Reproduce word for word every line from the one containing "Botines Hombre de" to the final line of the data below; omit the pictures.

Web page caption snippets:
******
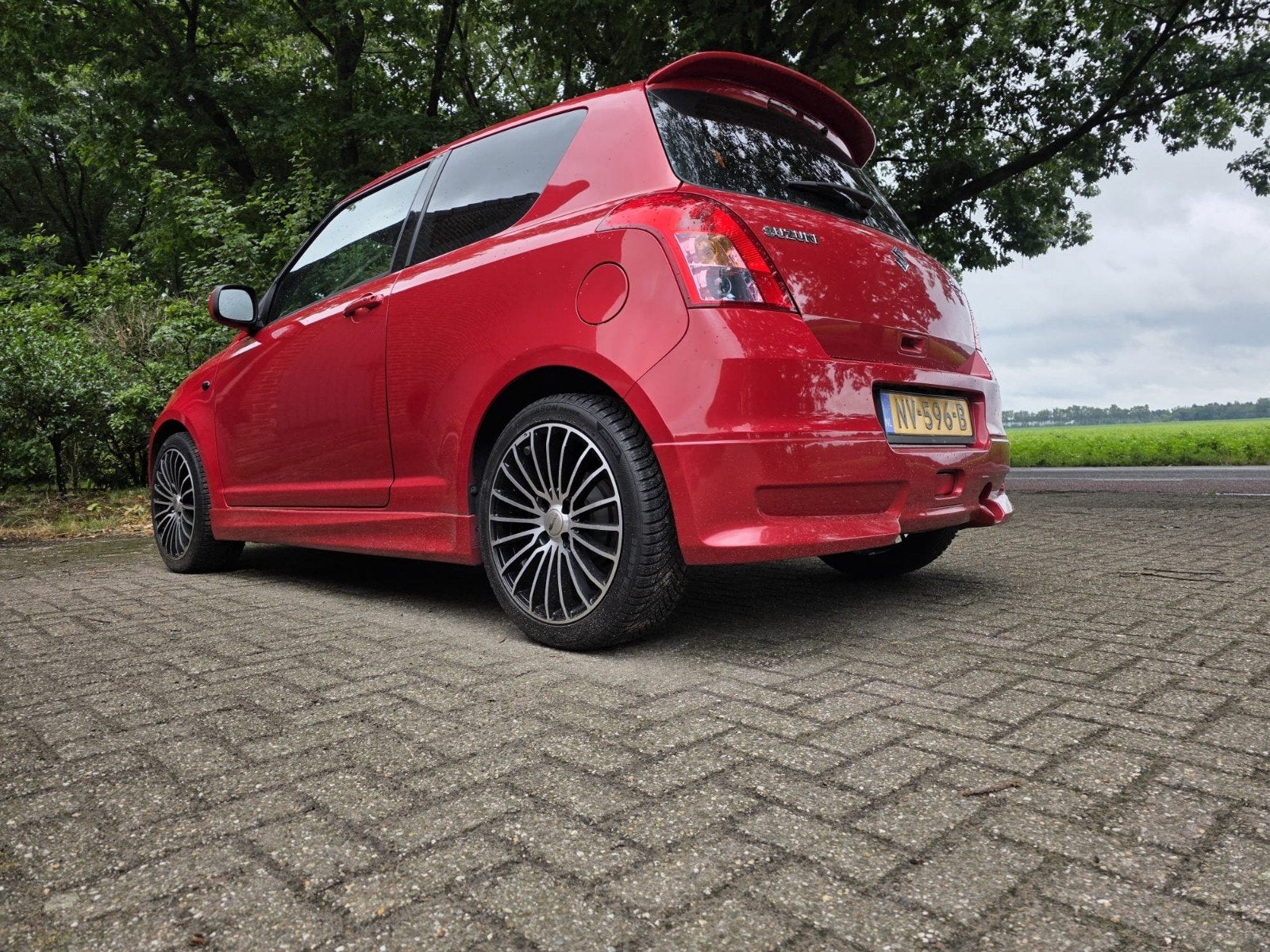 Suzuki Swift 1.3 3D 2008 Rood, 31 €/maand, Swift, Overige kleuren, Handgeschakeld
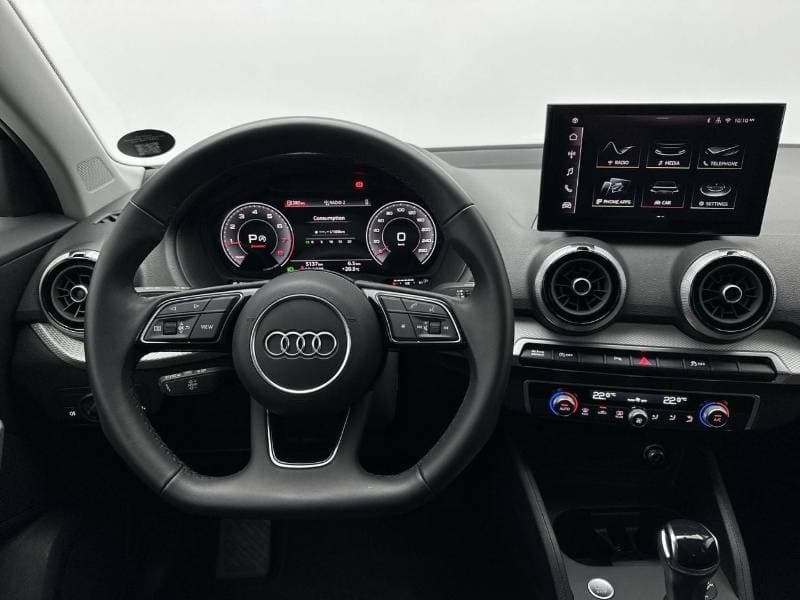 2025 Audi Q2 thumbnail 7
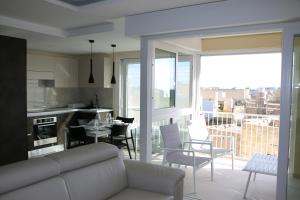 Balkon oz. terasa v nastanitvi Wileg 4A Luxury Studio Apartment with Shared Swimming Pool.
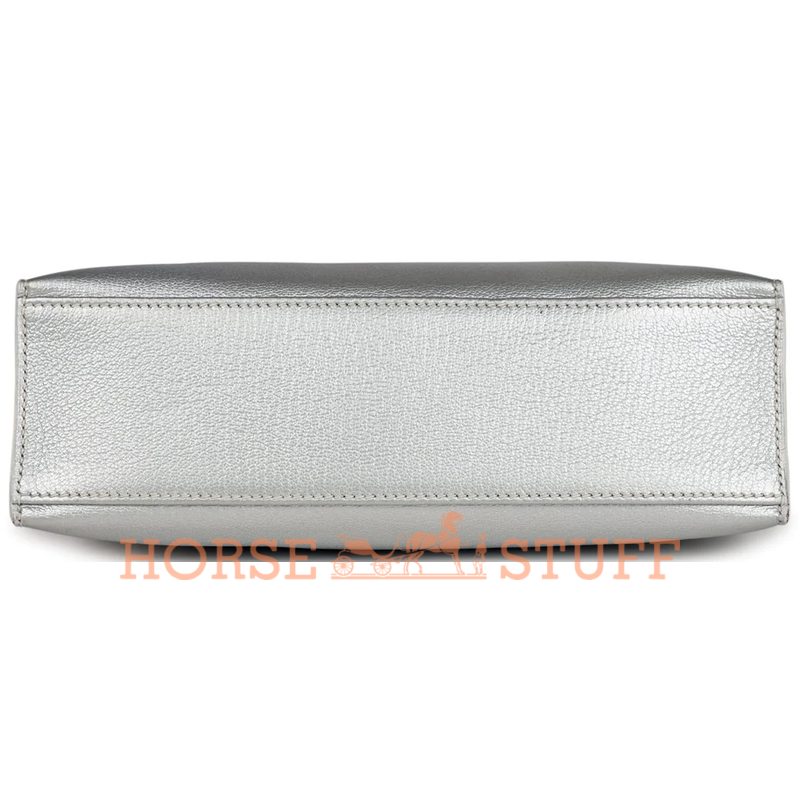 Hermès Kelly Pochette Exceptional Super Rare Metallic Silver Chèvre Mysore PHW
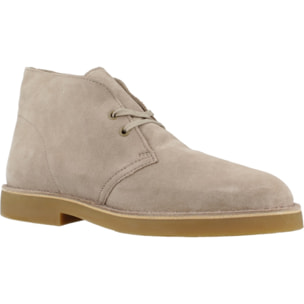 Botines Hombre de la marca CLARKS  modelo DESERT BT EVO Light Brown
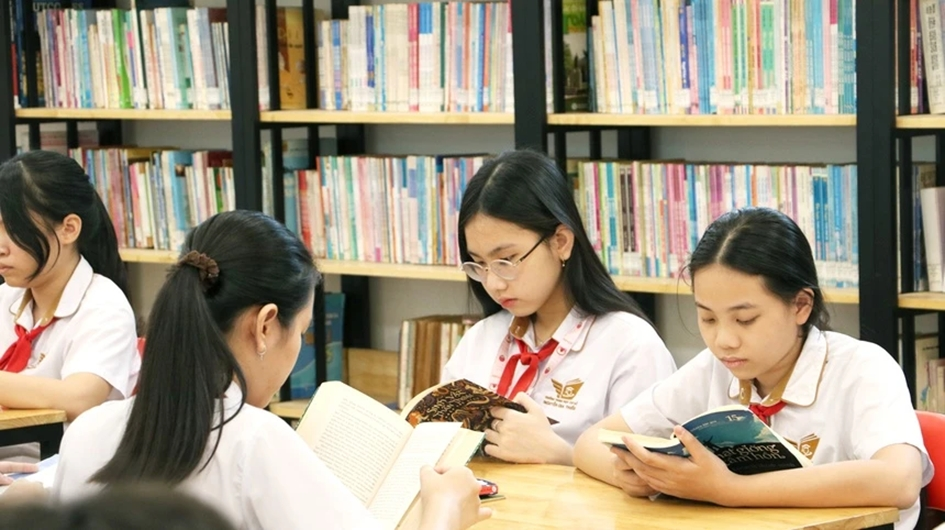 Lộ trình miễn phí sách giáo khoa cho học sinh toàn quốc từ năm học 2029-2030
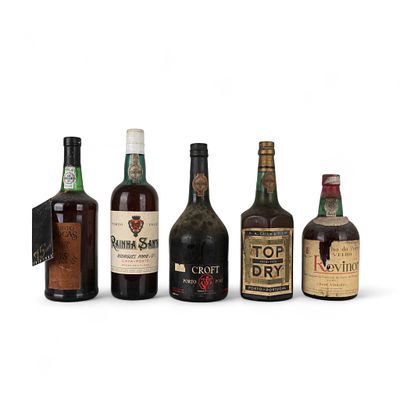 VINHO DO PORTO. Conjunto de cinco garrafas de vinho do Porto, Rodrigues Pinho Ra&iacute;nha Santa 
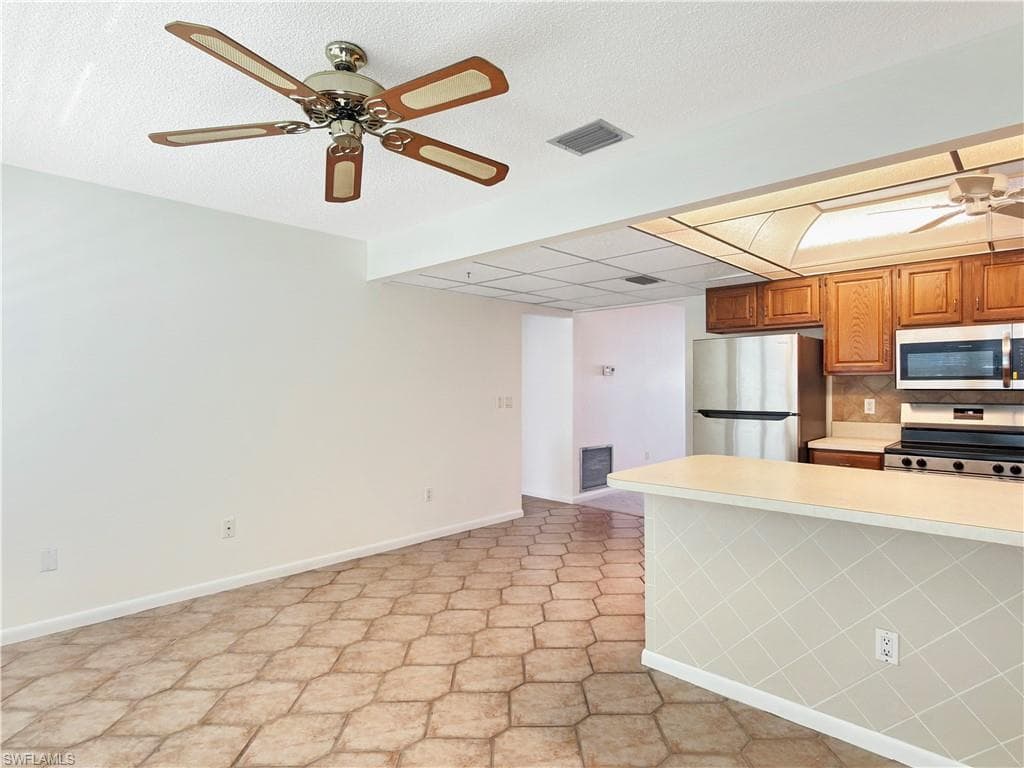 1326 S Brandywine CIR 4-12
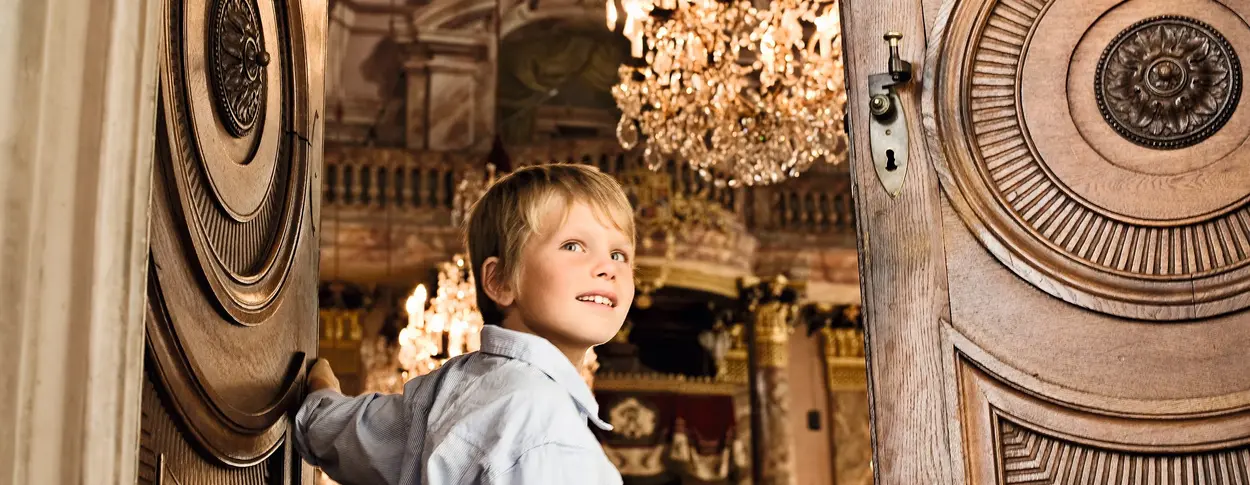 Residenzschloss Ludwigsburg, junger Besucher im Residenzschloss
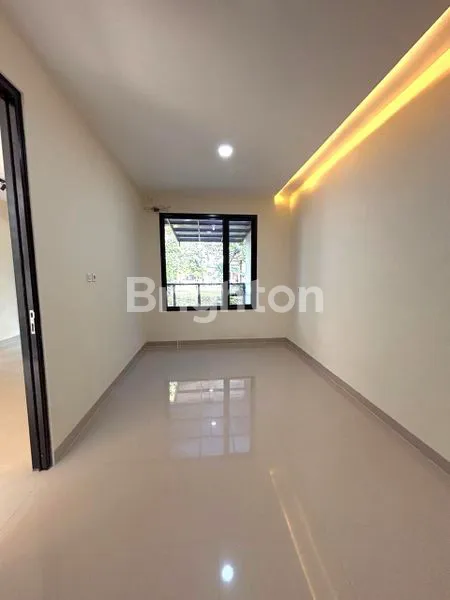 image RUMAH STRATEGIS SIAP HUNI - KENCANA LOKA BSD (4)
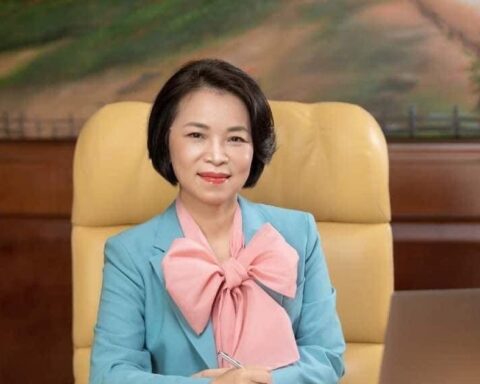 Bà Phạm Thu Hương vừa rời top 1000 người giàu nhất hành tinh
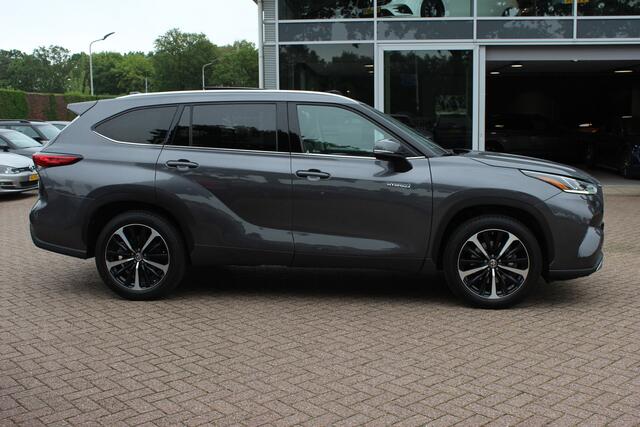 Toyota HIGHLANDER 2.5 AWD Hybrid Premium / Trekhaak / Panoramadak / 360Camera / Head-up / Leder / Keyless / 20'' / Navigatie / Stoelventilatie+Verwarming / Stuurverwarming / Dodehoek / DAB / ACC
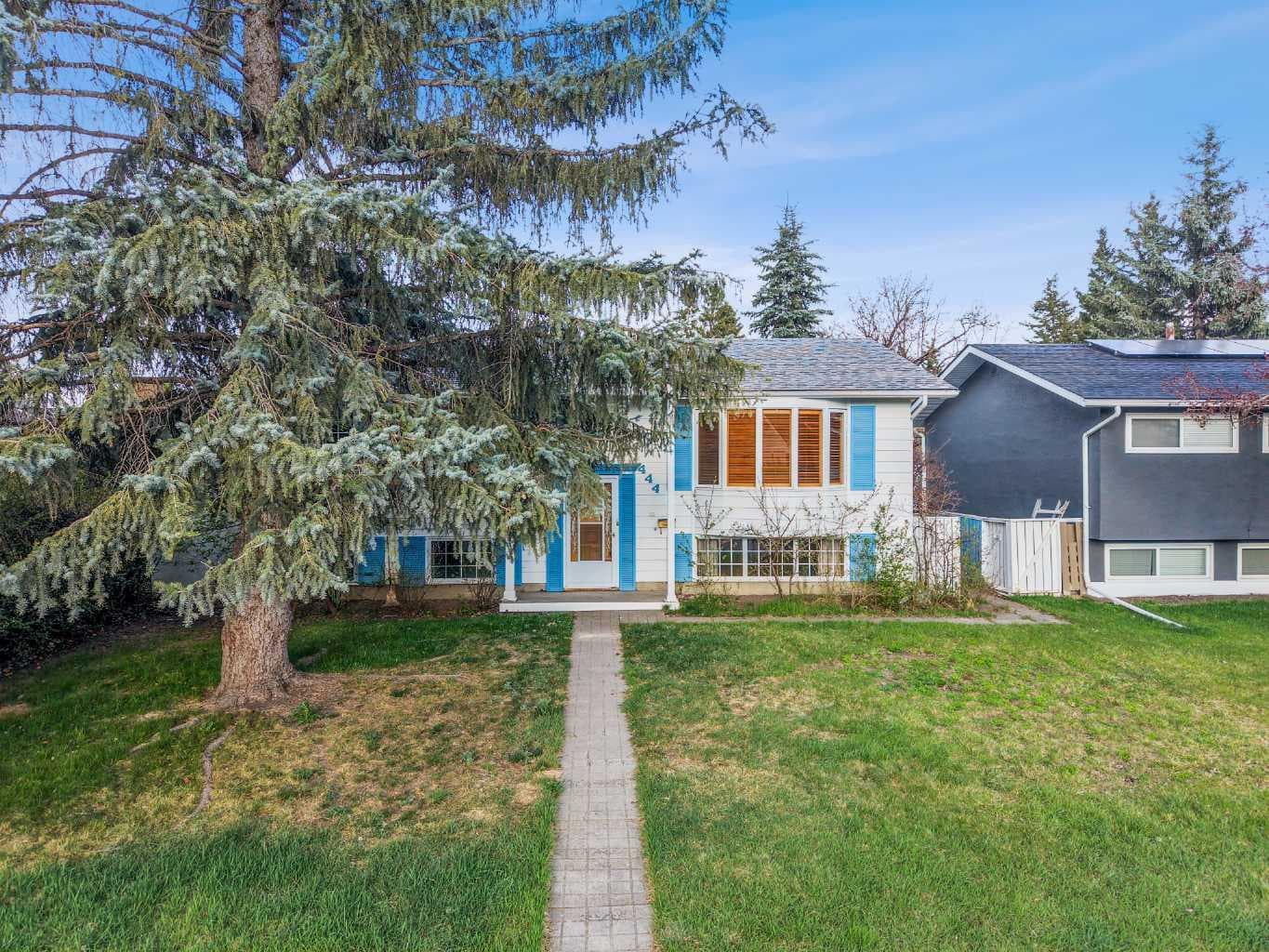 444 Woodland Crescent SE — photo 3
******
▸ **Solution to this exercise**:
 Botines Hombre de la marca CLARKS  modelo DESERT BT EVO Light Brown
 Lộ trình miễn phí sách giáo khoa cho học sinh toàn quốc từ năm học 2029-2030
 VINHO DO PORTO. Conjunto de cinco garrafas de vinho do Porto, Rodrigues Pinho Ra&iacute;nha Santa 
 1326 S Brandywine CIR 4-12
 Residenzschloss Ludwigsburg, junger Besucher im Residenzschloss
 image RUMAH STRATEGIS SIAP HUNI - KENCANA LOKA BSD (4)
 Bà Phạm Thu Hương vừa rời top 1000 người giàu nhất hành tinh
 Toyota HIGHLANDER 2.5 AWD Hybrid Premium / Trekhaak / Panoramadak / 360Camera / Head-up / Leder / Keyless / 20'' / Navigatie / Stoelventilatie+Verwarming / Stuurverwarming / Dodehoek / DAB / ACC
 444 Woodland Crescent SE — photo 3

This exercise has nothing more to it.